[Opening Records shown section]

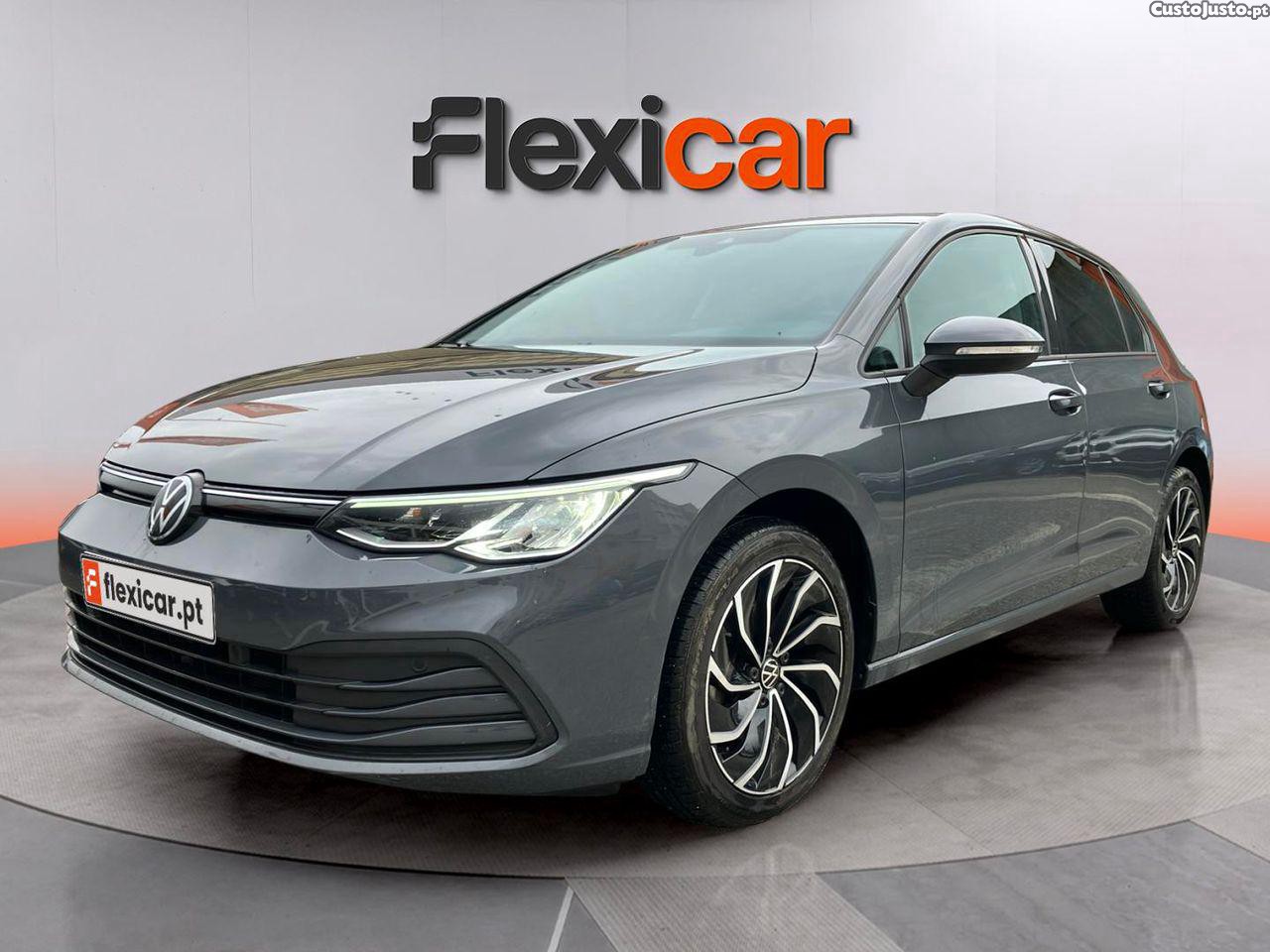 VW Golf 1.0 TSI Life - 23 foto 3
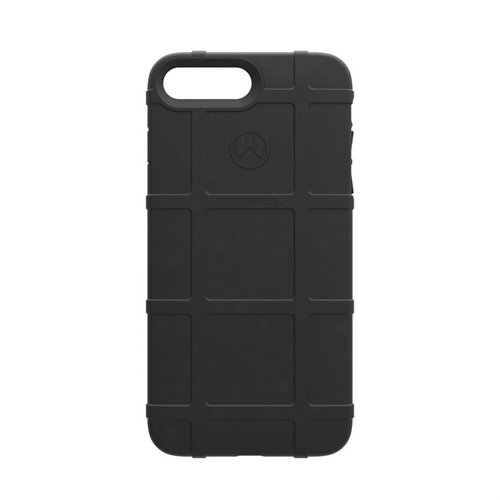 Magpul iPhone 7 ja 8 Field Case suojaa puhelintasi päivittäisiltä kolhuilta ja naarmuilta, tarjoaa varman otteen kaikissa sääolosuhteissa ja on helposti taskusta poistettavissa.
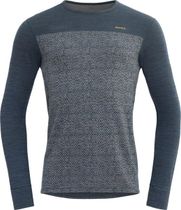 Kvitegga Merino 230 Shirt MAN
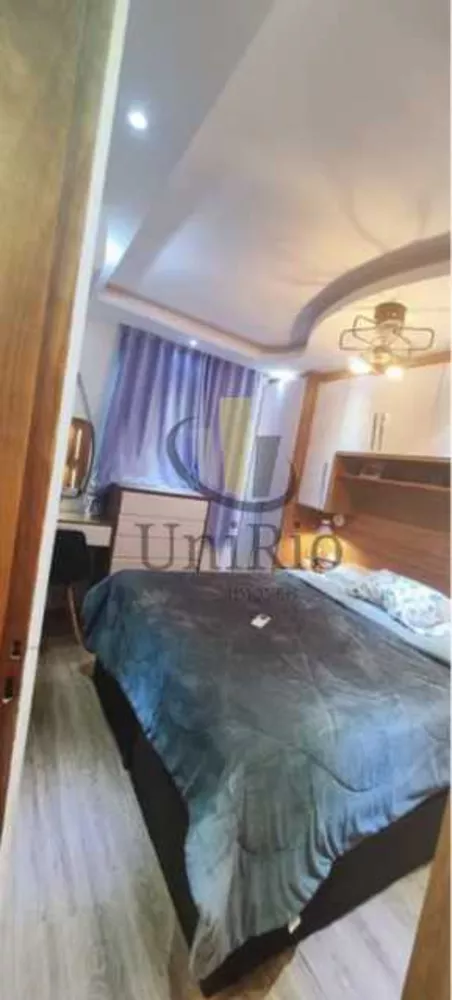 Apartamento, 2 quartos, 50 m² - Foto 5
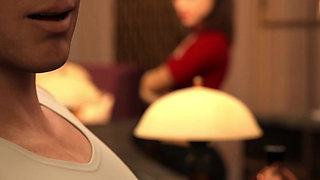Slow and Furious Sex (part 3)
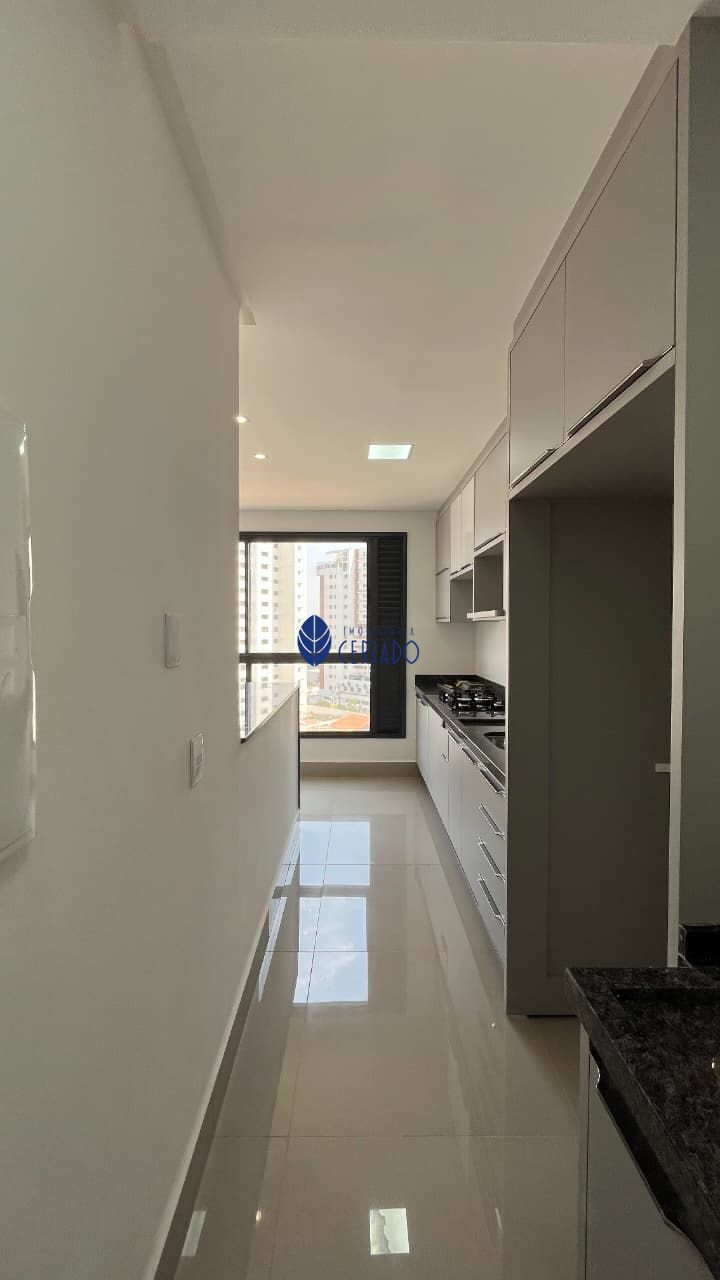 Apartamento para alugar no condomínio terra mundi (bairro ju - foto 3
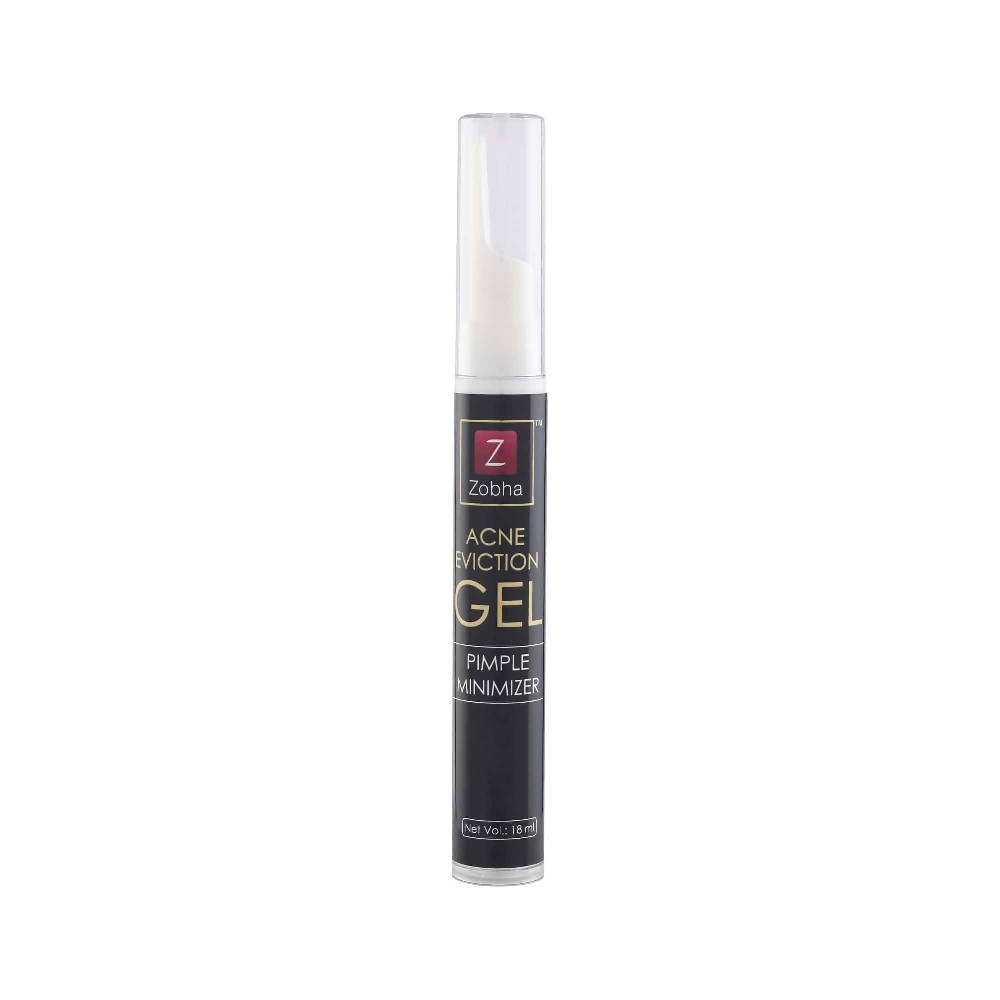 Zobha Acne Eviction Gel Pimple Minimizer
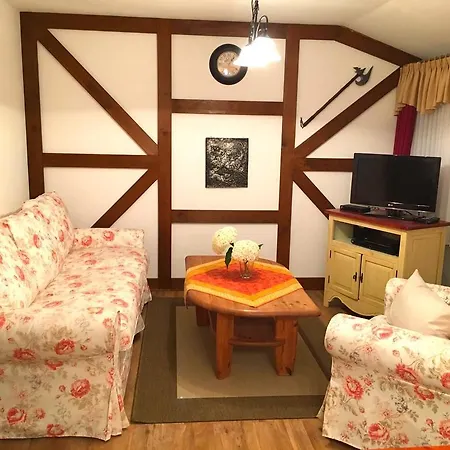 Willstein Appartement *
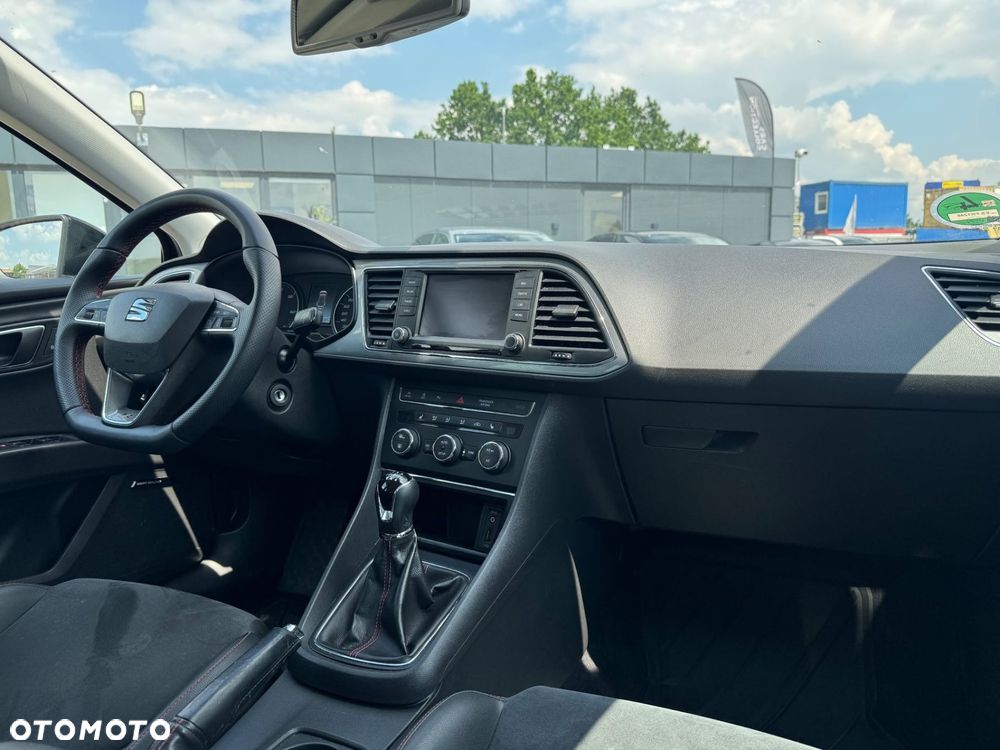 Seat Leon - 14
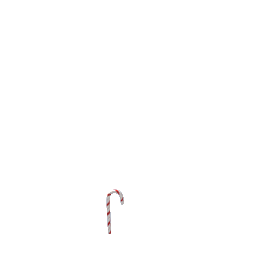 Candy Cane Yard Decor preview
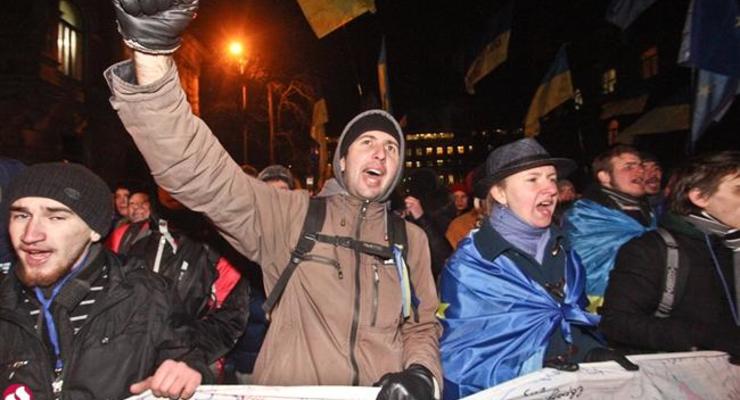 В Киеве будут судить работника райсуда за арест участников Майдана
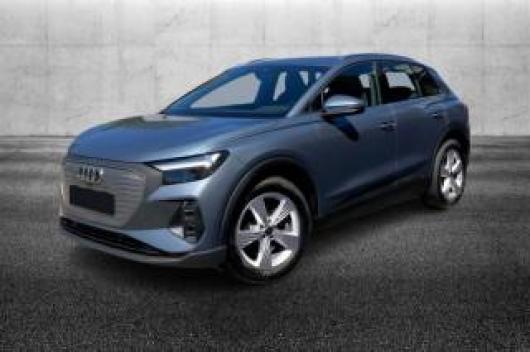 usato AUDI Q4 e tron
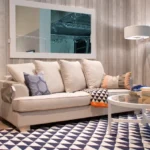 Franklin soffa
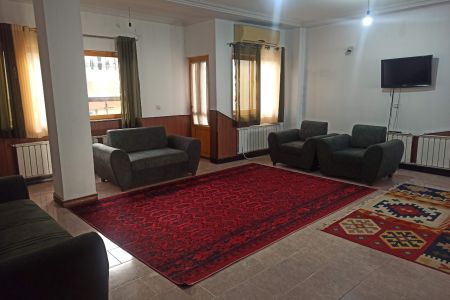 خانه مبله در بابلسر - طبقه سوم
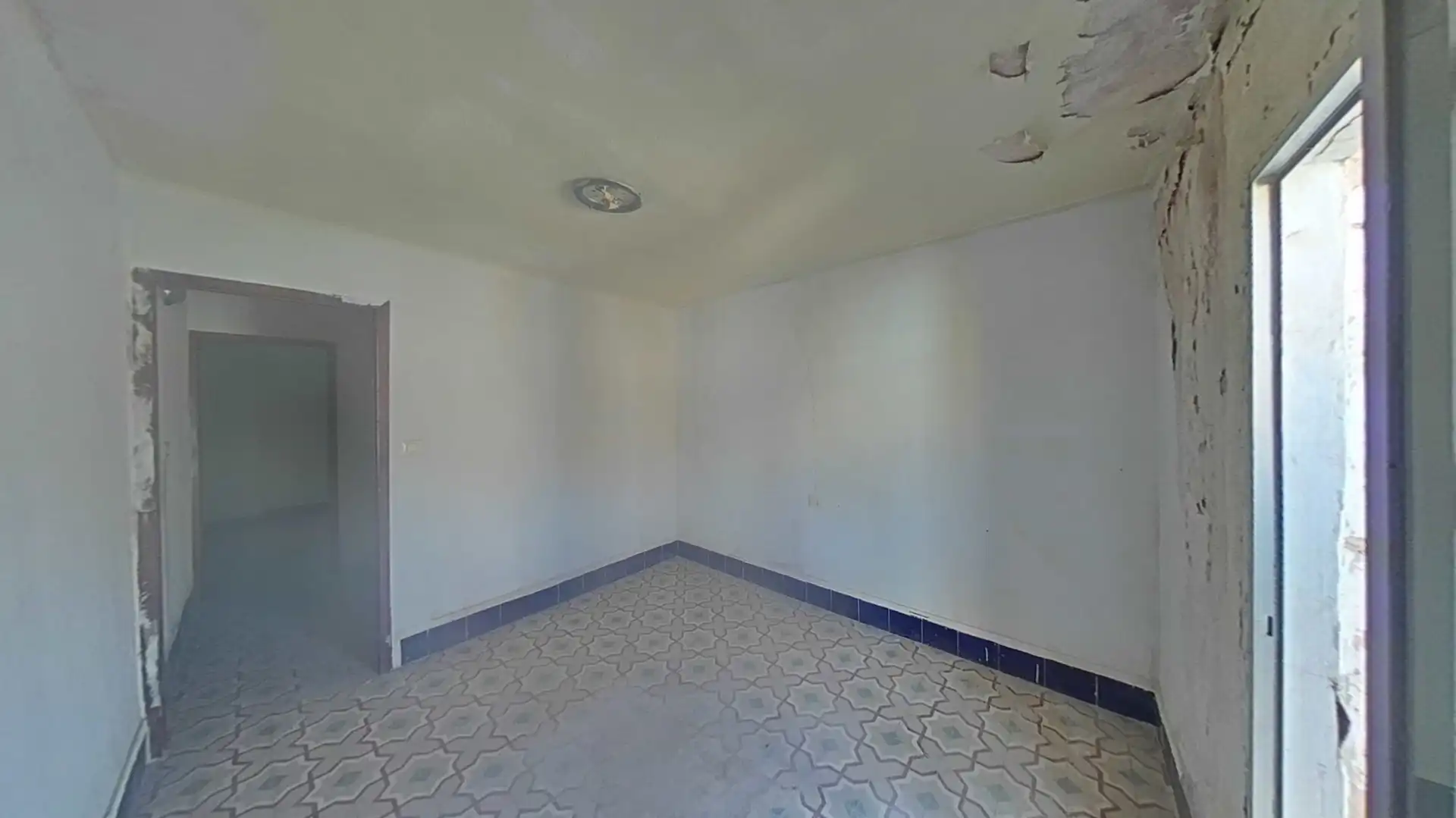 Casa adosada en venda en Onda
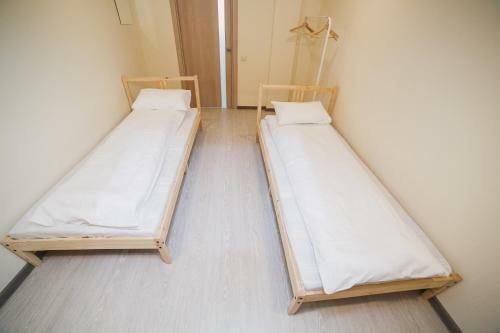 Albergue Mini-hotel Mansarda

[Closing Records shown section]

Assigned task ::
The entries above need to be printed again exactly; please exclude all pictures.

Exercise output ::
 VW Golf 1.0 TSI Life - 23 foto 3
 Magpul iPhone 7 ja 8 Field Case suojaa puhelintasi päivittäisiltä kolhuilta ja naarmuilta, tarjoaa varman otteen kaikissa sääolosuhteissa ja on helposti taskusta poistettavissa.
 Kvitegga Merino 230 Shirt MAN
 Apartamento, 2 quartos, 50 m² - Foto 5
Slow and Furious Sex (part 3)
 Apartamento para alugar no condomínio terra mundi (bairro ju - foto 3
 Zobha Acne Eviction Gel Pimple Minimizer
 Willstein Appartement *
 Seat Leon - 14
 Candy Cane Yard Decor preview
 В Киеве будут судить работника райсуда за арест участников Майдана
 usato AUDI Q4 e tron
 Franklin soffa
 خانه مبله در بابلسر - طبقه سوم
 Casa adosada en venda en Onda
 Albergue Mini-hotel Mansarda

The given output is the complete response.